▸ **What to do**
Please restate every entry exactly. Leave out the pictures.

▸ **Data shown**
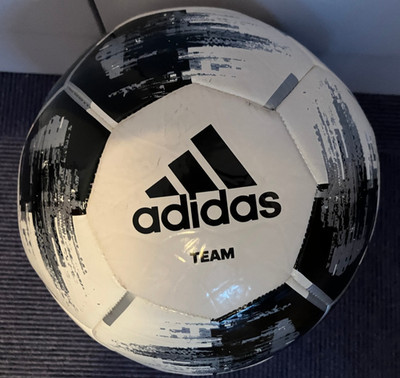 adidas Fussball Team Glider CZ2230, ungenutzter Artikel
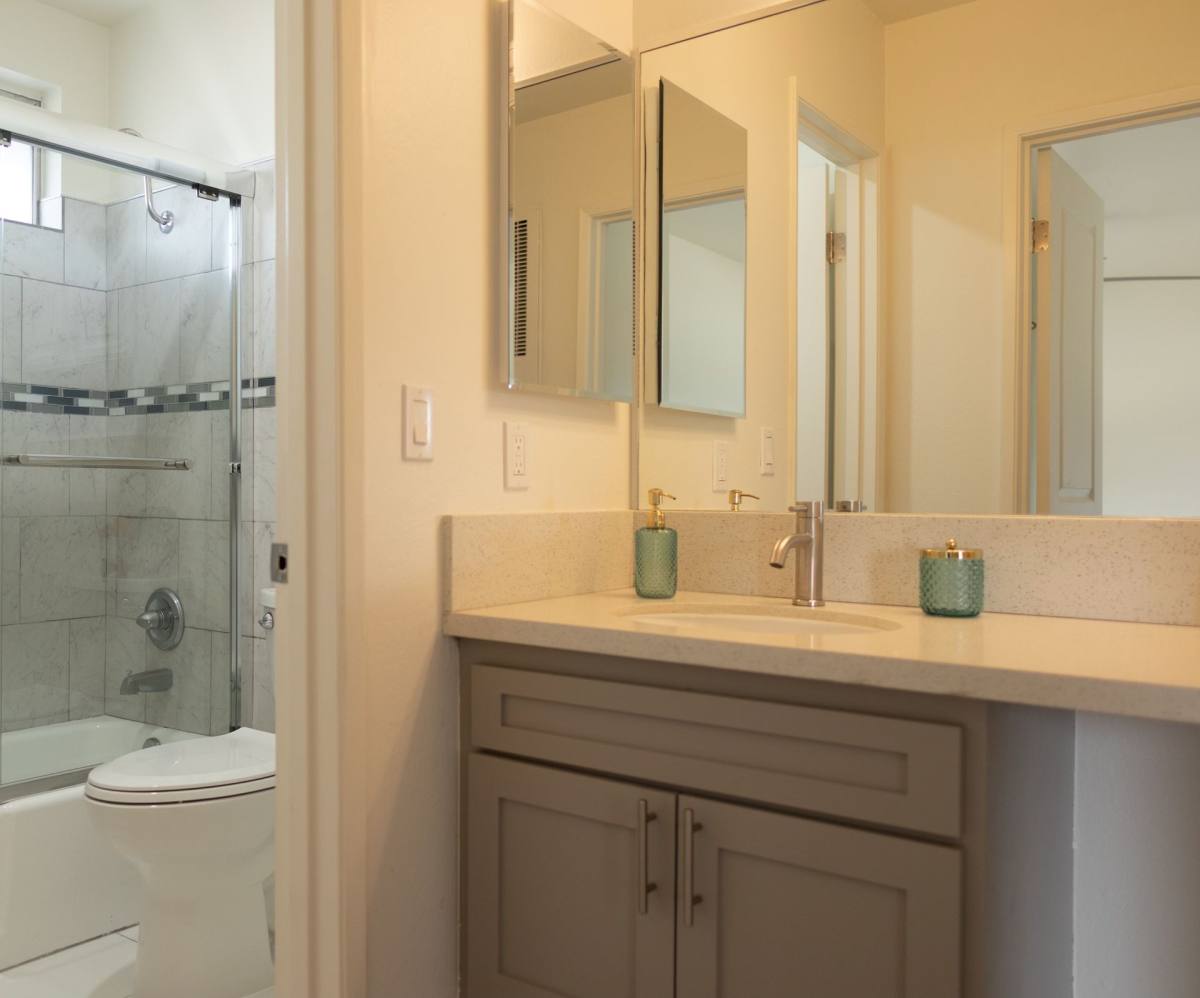 Apartment for rent at 15601 Tustin Village Way, Tustin, CA 92780
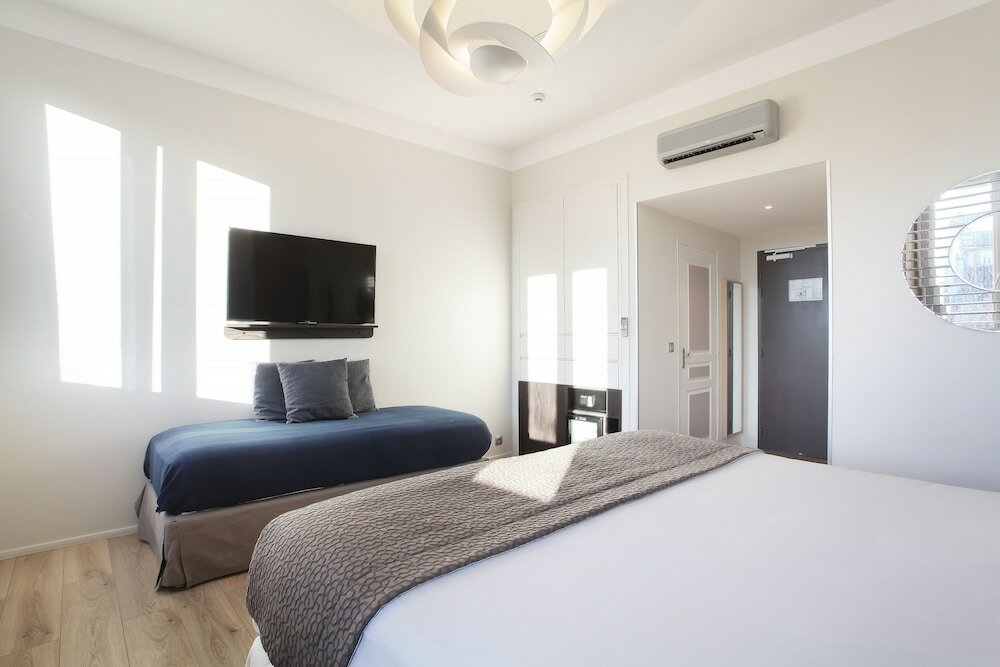 Фото Negrecoste Hôtel & SPA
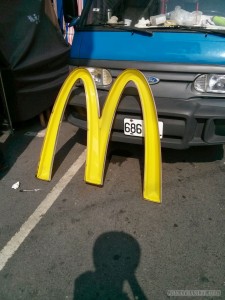 Chiayi - McDonalds arches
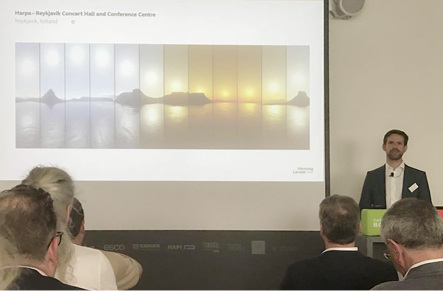 



Werner Frosch von Henning Larsen Architects aus Kopenhagen/München zeigte, wie sich die Laufbahn der Sonne auf Gebäude auswirkt.
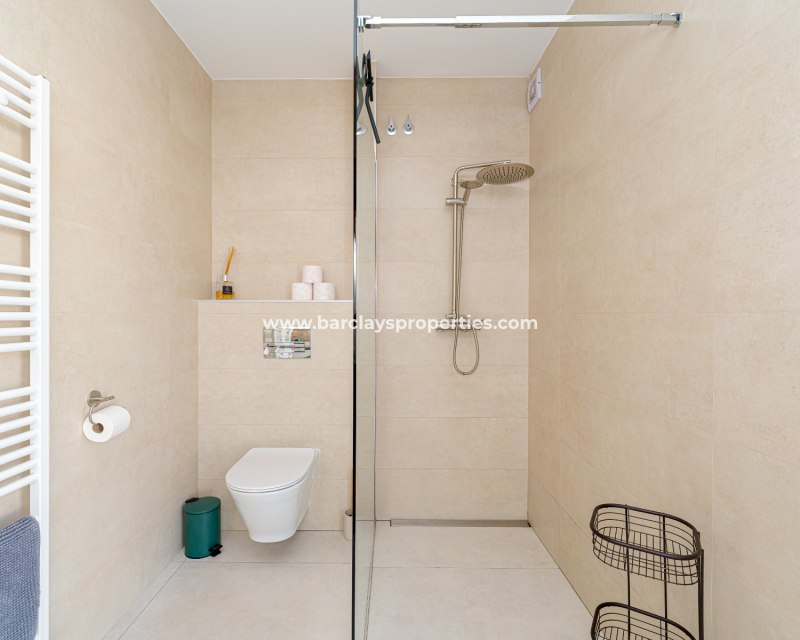 Resale - Detached - Urb. La Marina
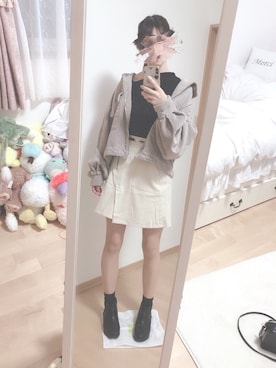 「GORGE（ゴージ）のアイテム（シューズ）」を使った、annchiiさん（レディース・156cm）の秋コーディネート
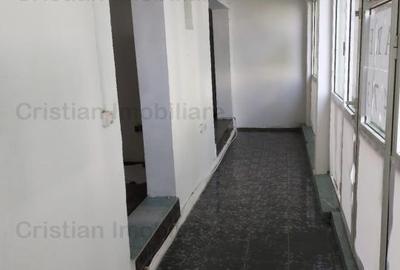 Apartament pretabil Spatiu comercial  PE COLT 3 cam confort 1 Decomandat - 9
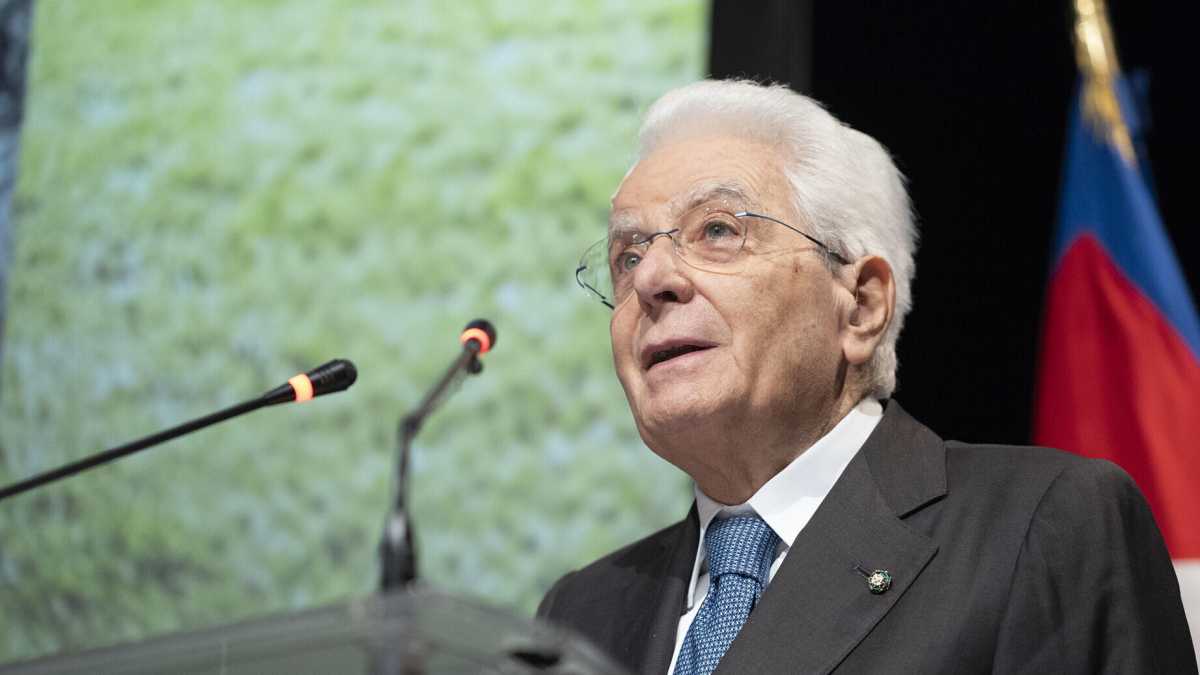 Immagine di La Russia inserisce Mattarella nella lista dei “russofobi”. Meloni: “Inaccettabile provocazione"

▸ **Exercise result**
 adidas Fussball Team Glider CZ2230, ungenutzter Artikel
 Apartment for rent at 15601 Tustin Village Way, Tustin, CA 92780
 Фото Negrecoste Hôtel & SPA
 Chiayi - McDonalds arches



Werner Frosch von Henning Larsen Architects aus Kopenhagen/München zeigte, wie sich die Laufbahn der Sonne auf Gebäude auswirkt.
 Resale - Detached - Urb. La Marina
 「GORGE（ゴージ）のアイテム（シューズ）」を使った、annchiiさん（レディース・156cm）の秋コーディネート
 Apartament pretabil Spatiu comercial  PE COLT 3 cam confort 1 Decomandat - 9
 Immagine di La Russia inserisce Mattarella nella lista dei “russofobi”. Meloni: “Inaccettabile provocazione"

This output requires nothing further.